===== GIVEN DATA
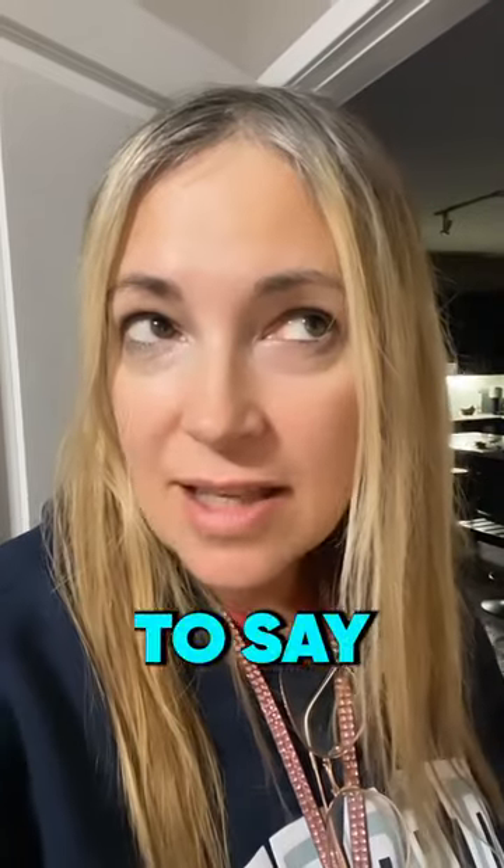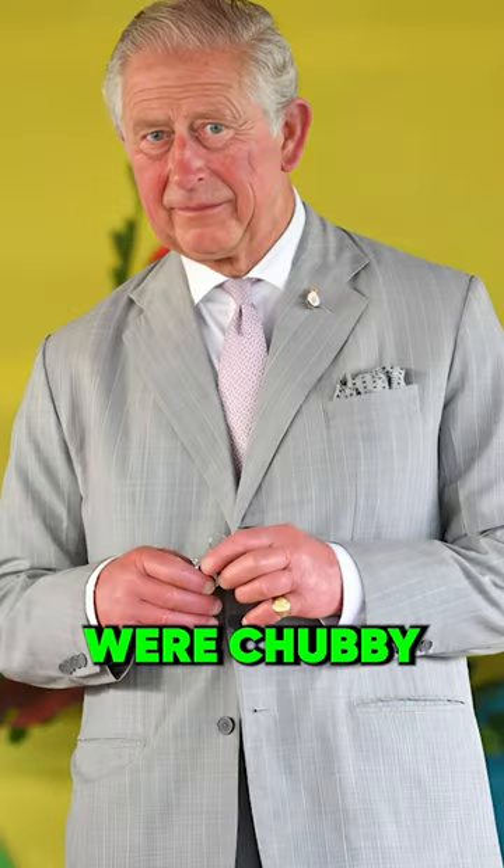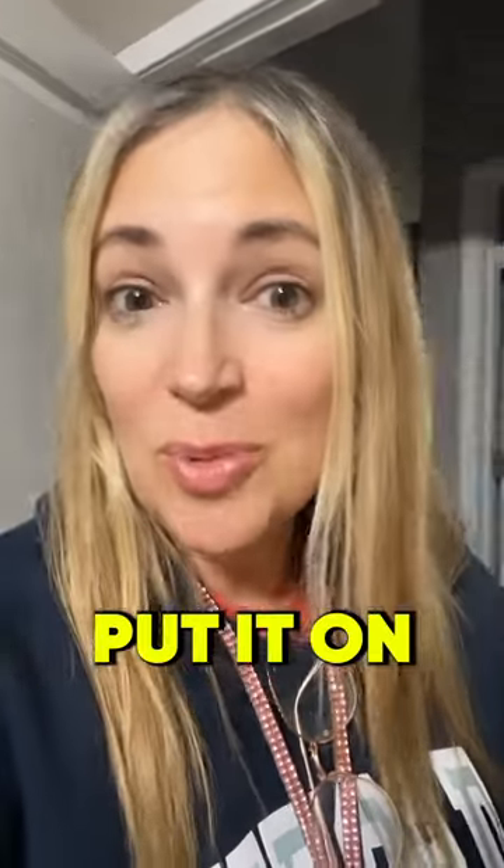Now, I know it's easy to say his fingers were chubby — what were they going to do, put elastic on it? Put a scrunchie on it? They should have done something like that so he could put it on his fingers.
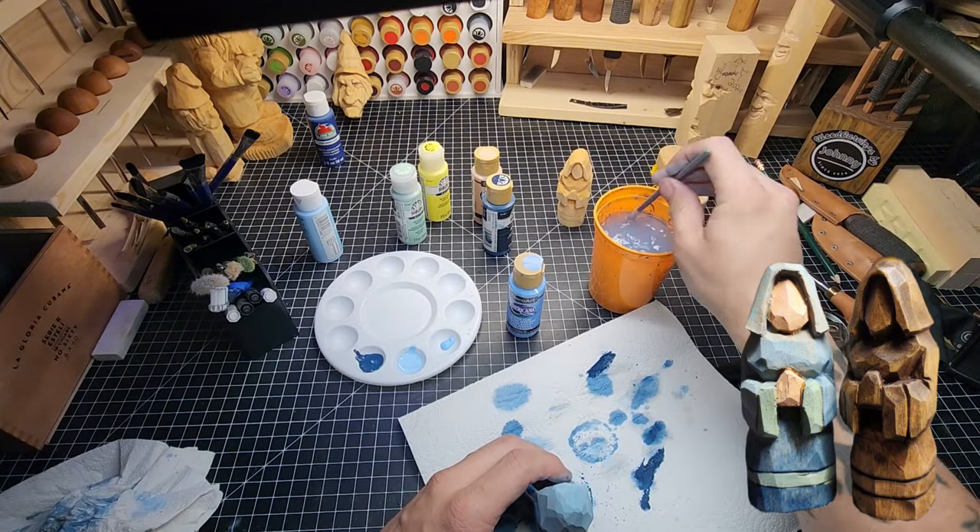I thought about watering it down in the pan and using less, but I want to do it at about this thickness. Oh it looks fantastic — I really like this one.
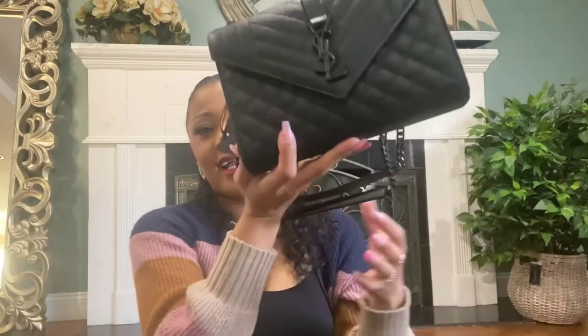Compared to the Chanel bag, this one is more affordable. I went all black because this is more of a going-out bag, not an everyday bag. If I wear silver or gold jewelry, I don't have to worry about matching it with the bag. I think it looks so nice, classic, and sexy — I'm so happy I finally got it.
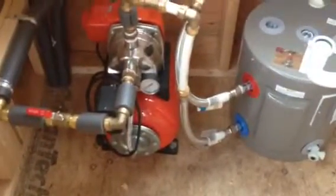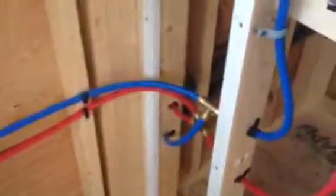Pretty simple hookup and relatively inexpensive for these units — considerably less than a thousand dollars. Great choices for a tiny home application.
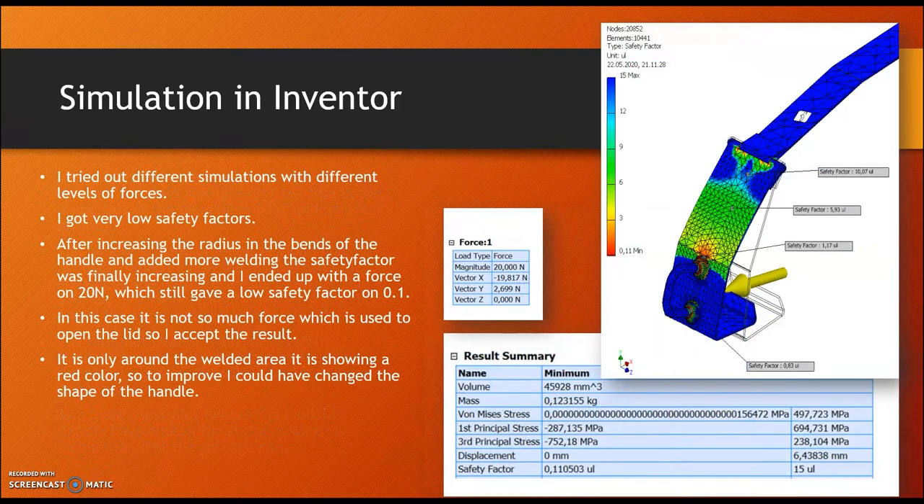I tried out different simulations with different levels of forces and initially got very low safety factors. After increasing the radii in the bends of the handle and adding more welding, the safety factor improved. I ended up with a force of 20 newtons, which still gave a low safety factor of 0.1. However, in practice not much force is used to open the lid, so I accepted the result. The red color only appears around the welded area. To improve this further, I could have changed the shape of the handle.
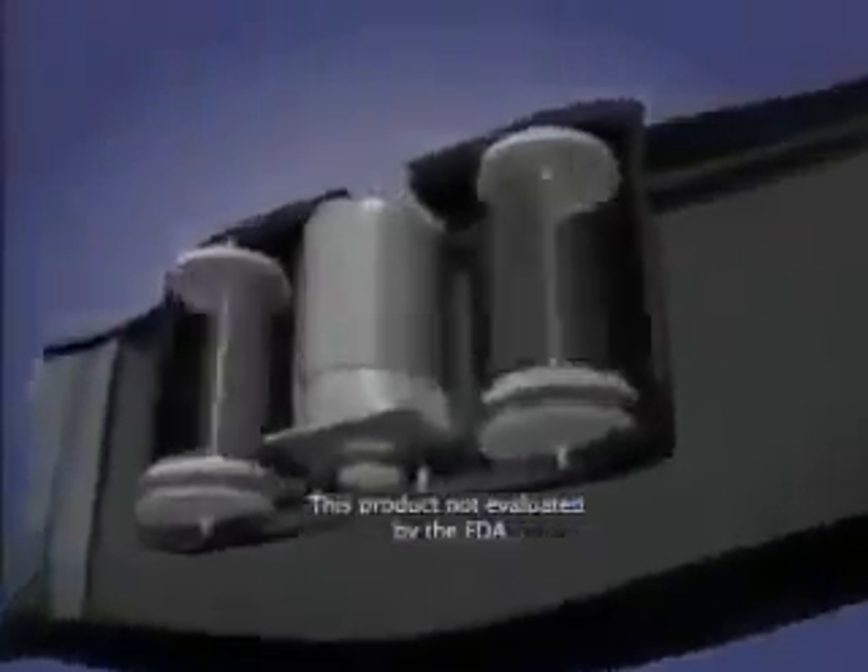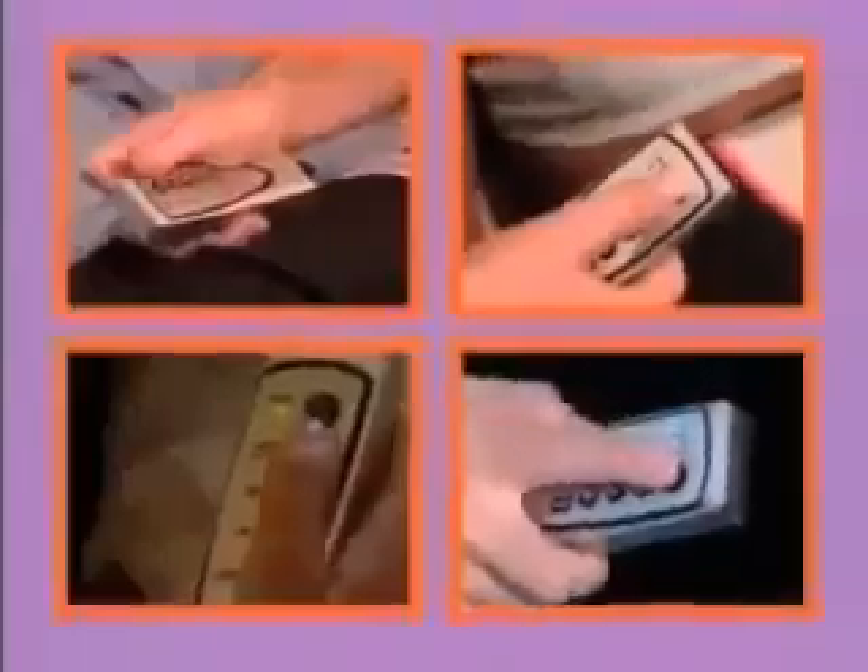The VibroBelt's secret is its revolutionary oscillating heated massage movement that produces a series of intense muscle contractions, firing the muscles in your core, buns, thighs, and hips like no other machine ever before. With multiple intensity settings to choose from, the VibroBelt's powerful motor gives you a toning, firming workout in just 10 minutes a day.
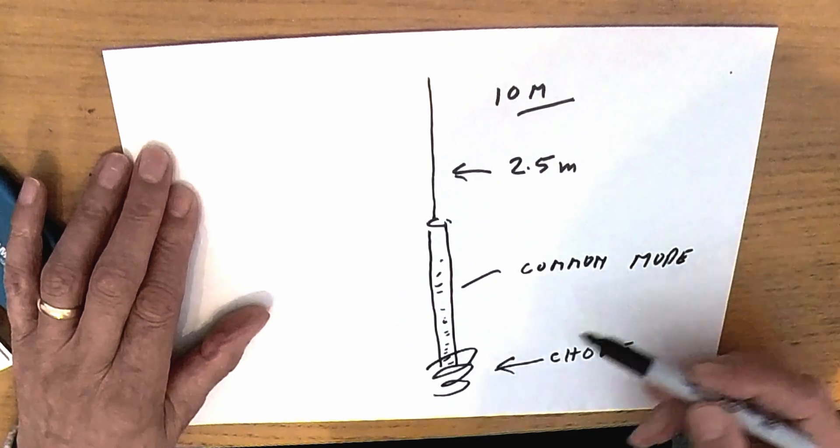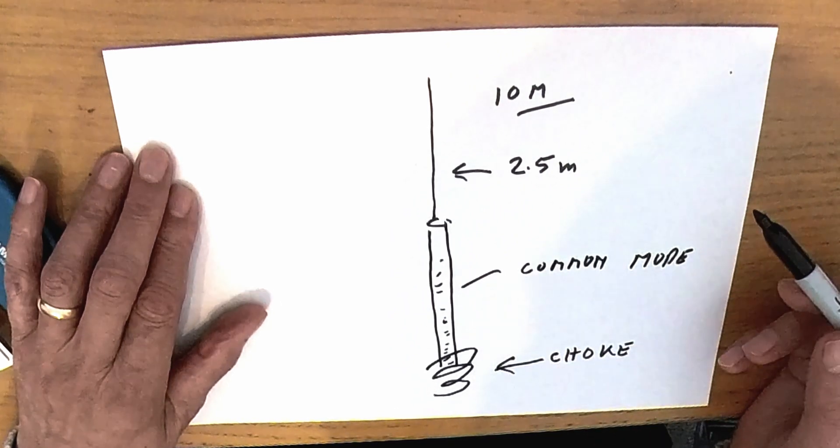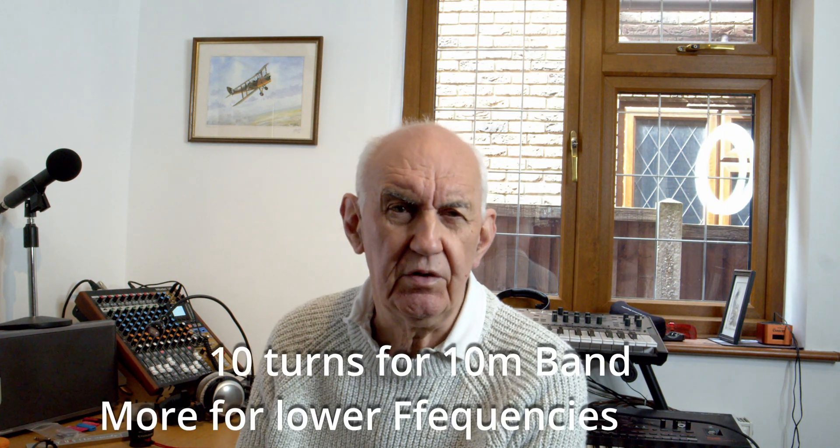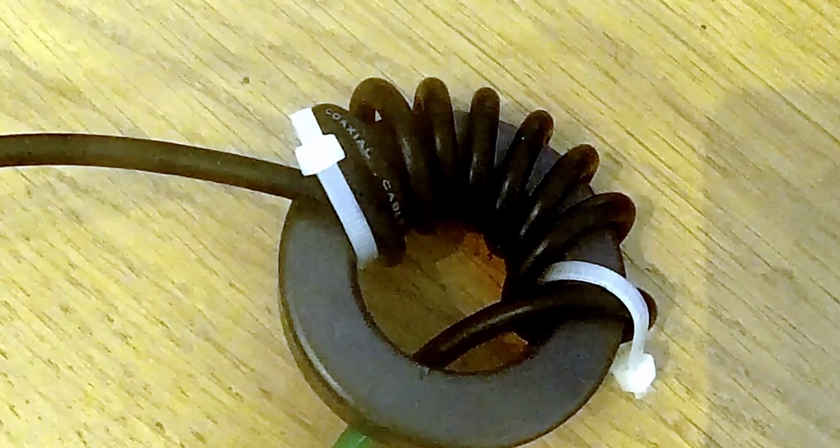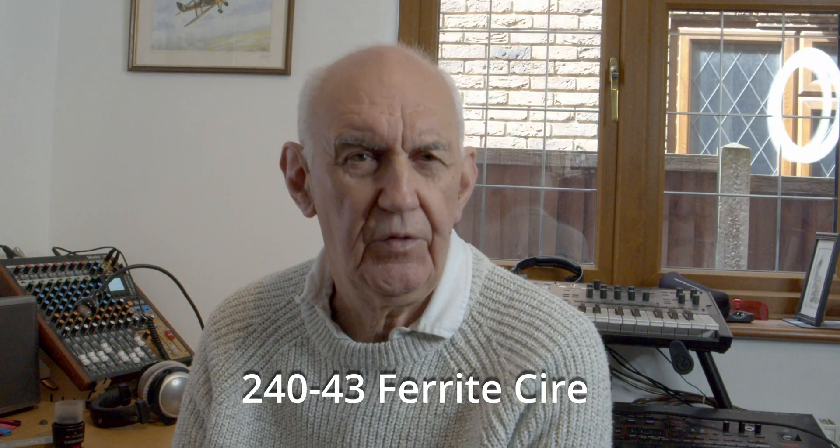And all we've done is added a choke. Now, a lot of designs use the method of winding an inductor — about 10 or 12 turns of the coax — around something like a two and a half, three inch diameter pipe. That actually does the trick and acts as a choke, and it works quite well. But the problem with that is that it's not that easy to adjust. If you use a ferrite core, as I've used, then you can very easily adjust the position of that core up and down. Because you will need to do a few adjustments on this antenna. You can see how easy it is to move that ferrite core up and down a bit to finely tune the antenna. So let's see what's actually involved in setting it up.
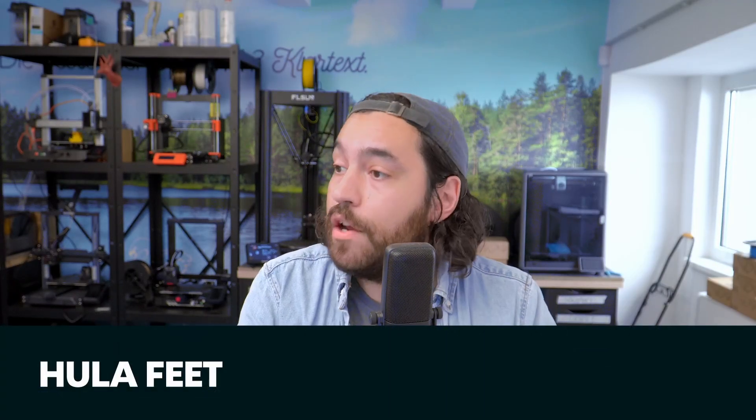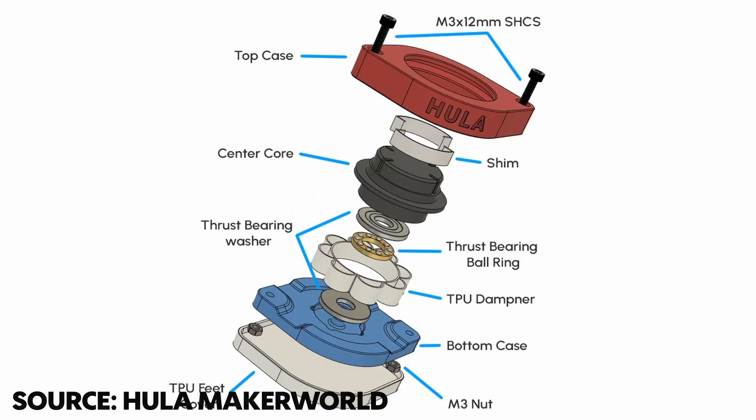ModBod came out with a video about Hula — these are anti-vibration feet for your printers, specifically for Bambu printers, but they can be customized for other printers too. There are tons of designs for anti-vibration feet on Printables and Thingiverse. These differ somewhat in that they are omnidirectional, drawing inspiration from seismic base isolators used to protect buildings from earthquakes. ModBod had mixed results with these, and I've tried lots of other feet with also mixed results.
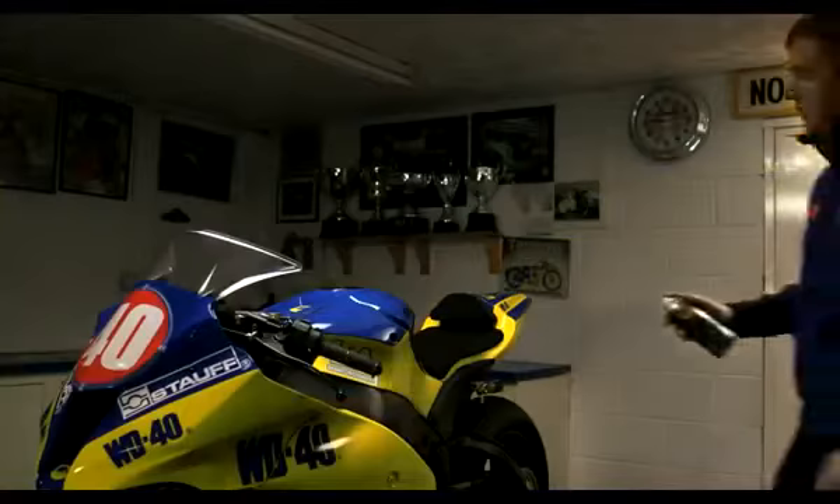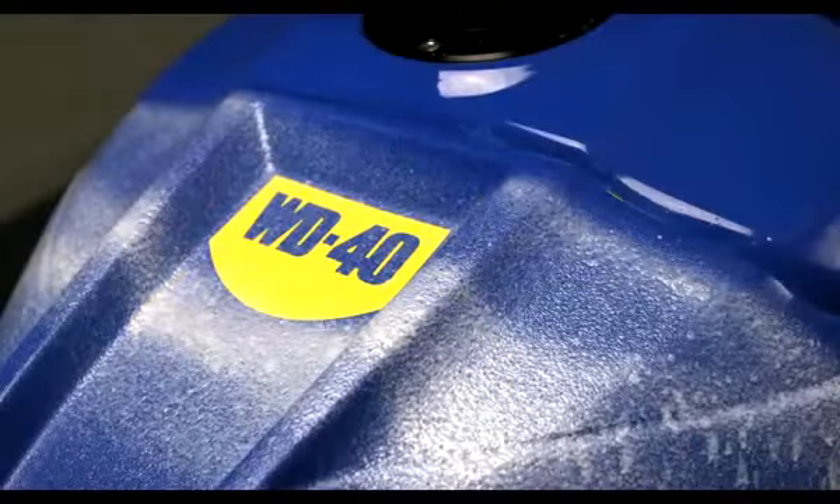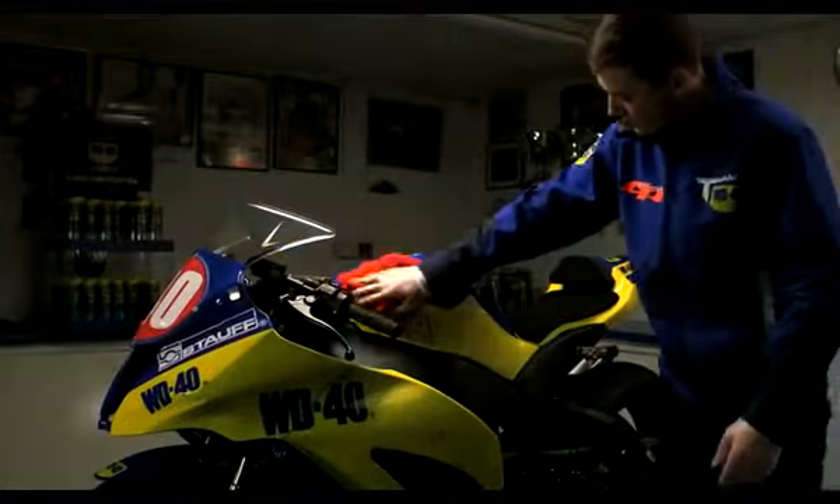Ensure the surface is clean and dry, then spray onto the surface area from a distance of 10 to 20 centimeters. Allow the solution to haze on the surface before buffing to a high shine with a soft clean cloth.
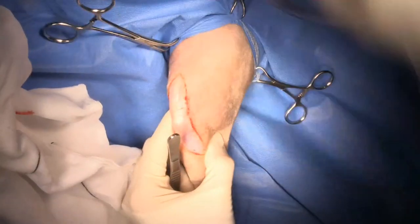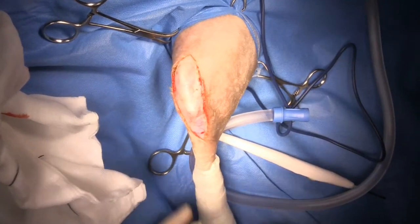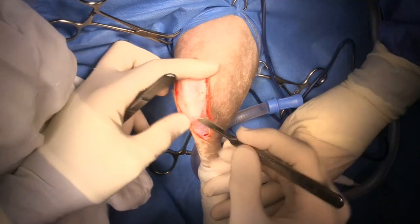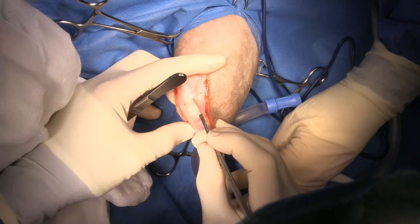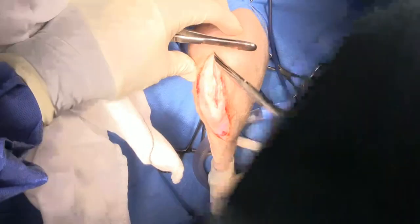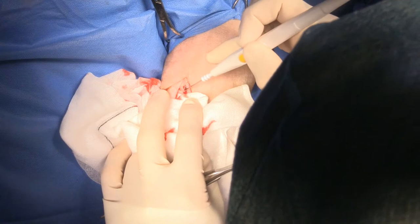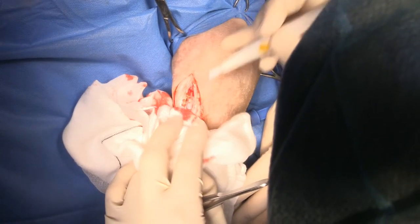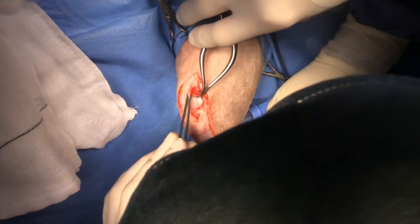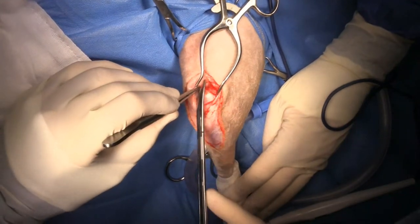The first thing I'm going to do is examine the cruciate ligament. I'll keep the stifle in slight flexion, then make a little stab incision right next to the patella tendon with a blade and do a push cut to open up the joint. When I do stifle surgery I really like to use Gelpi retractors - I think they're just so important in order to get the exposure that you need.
==========
TASK ITEM: Write out exactly the lines from the one containing "And all we've" through the end of the entries, both included. Pictures are not copied.

EXERCISE RESULT:
And all we've done is added a choke. Now, a lot of designs use the method of winding an inductor — about 10 or 12 turns of the coax — around something like a two and a half, three inch diameter pipe. That actually does the trick and acts as a choke, and it works quite well. But the problem with that is that it's not that easy to adjust. If you use a ferrite core, as I've used, then you can very easily adjust the position of that core up and down. Because you will need to do a few adjustments on this antenna. You can see how easy it is to move that ferrite core up and down a bit to finely tune the antenna. So let's see what's actually involved in setting it up.
ModBod came out with a video about Hula — these are anti-vibration feet for your printers, specifically for Bambu printers, but they can be customized for other printers too. There are tons of designs for anti-vibration feet on Printables and Thingiverse. These differ somewhat in that they are omnidirectional, drawing inspiration from seismic base isolators used to protect buildings from earthquakes. ModBod had mixed results with these, and I've tried lots of other feet with also mixed results.
Ensure the surface is clean and dry, then spray onto the surface area from a distance of 10 to 20 centimeters. Allow the solution to haze on the surface before buffing to a high shine with a soft clean cloth.
The first thing I'm going to do is examine the cruciate ligament. I'll keep the stifle in slight flexion, then make a little stab incision right next to the patella tendon with a blade and do a push cut to open up the joint. When I do stifle surgery I really like to use Gelpi retractors - I think they're just so important in order to get the exposure that you need.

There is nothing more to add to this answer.